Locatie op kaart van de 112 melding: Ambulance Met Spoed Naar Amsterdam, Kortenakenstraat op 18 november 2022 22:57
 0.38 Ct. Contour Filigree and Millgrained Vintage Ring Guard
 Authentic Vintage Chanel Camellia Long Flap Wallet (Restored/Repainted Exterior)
◆ ◆ ◆ ◆
Required action:
Copy the whole listing once more, exactly.

Exercise result:
Locatie op kaart van de 112 melding: Ambulance Met Spoed Naar Amsterdam, Kortenakenstraat op 18 november 2022 22:57
 0.38 Ct. Contour Filigree and Millgrained Vintage Ring Guard
 Authentic Vintage Chanel Camellia Long Flap Wallet (Restored/Repainted Exterior)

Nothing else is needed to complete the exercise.